Can someone tell me how to figure scale distance? Particularly in 1:20.3? Thanks.


----------



## Guest (Aug 26, 2008)

an inch on your layout should represent about one foot and eight inches in reality.


----------



## Del Tapparo (Jan 4, 2008)

(Distance on your 1:20.3 model) X 20.3 = Distance in the 1:1 world


----------



## GearDrivenSteam (Jul 3, 2008)

So, the Durango and Silverton would be 2.2167487 miles in 1:20.3.


----------



## Guest (Aug 26, 2008)

forget it! 
not even in Z-gauge will one be able, to build the lengths of any railroad in th correct scale length. 

one has to compromise. 
if the space between two stations is two or three train-lengths, that should do. 

my house is 60'x 50' - i would need 3' x 3' just to make that one house in 1:20.3 ! 
one has to condense things. 
or do you own a national park?


----------



## GearDrivenSteam (Jul 3, 2008)

I understand about compromise. That's not what I asked. 

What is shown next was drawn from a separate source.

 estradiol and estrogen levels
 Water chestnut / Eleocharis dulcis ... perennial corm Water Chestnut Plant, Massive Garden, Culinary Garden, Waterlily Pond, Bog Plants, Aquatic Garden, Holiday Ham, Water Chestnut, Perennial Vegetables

Posted By kormsen on 08/26/2008 6:51 PM
forget it! 
not even in Z-gauge will one be able, to build the lengths of any railroad in th correct scale length. 
one has to compromise. 
if the space between two stations is two or three train-lengths, that should do. 
my house is 60'x 50' - i would need 3' x 3' just to make that one house in 1:20.3 ! 
one has to condense things. 
or do you own a national park?


----------



## Dave F (Jan 2, 2008)

Posted By kormsen on 08/26/2008 6:51 PM

or do you own a national park?




For those of us who are U.S. citizens, yes, as a matter of fact, we do own the National Parks. Why do you ask?


----------



## East Broad Top (Dec 29, 2007)

not even in Z-gauge will one be able, to build the lengths of any railroad in th correct scale length. 

Z gauge--6.5mm gauge, which when equated to 2' gauge is 3.25mm/foot. So, if you're doing the Monson RR (6 miles long), you're looking at around 340' of track.  

Later, 

K


----------



## Richard Smith (Jan 2, 2008)

5280 feet divided by 20.3 = 260 feet = 1 scale mile.


----------



## Guest (Aug 27, 2008)

So, if you're doing the Monson RR (6 miles long), you're looking at around 340' of track. 


i stand corrected... 

wouldn't that be something? a Z-gauge gardenrailway?


----------



## chrisb (Jan 3, 2008)

This is the way I do it. Multiply prototype distance in feet 
to get prototype inches. Then divide prototype inches by 20.3 
I do this on a excell spread sheet. Column A is Proto Feet, B is proto inches and C is the dimension is 1:20.3 scale. 
Use a formula to do the math for you so you can go from 1 foot to whatever and fill in the column. 

Example a building is 24 feet by 36 feet. 
(24x12)/20.3= 14.187 inches or 14 3/16 inches 
(36x12)/20.3= 21.281 inches or 21 1/4 inches 

To build this building at 1:20.3 scale you would make it 
14 3/16 inches by 21 1/4 inches


----------



## GearDrivenSteam (Jul 3, 2008)

Thanks for the serious answers. ....and though not a National Park, yes, I have enough acerage to run almost 3 miles of trackage.....though as I said was not my question. Again, thanks for the serious answers. I was figuring it correctly all along. I just wanted to make sure.


----------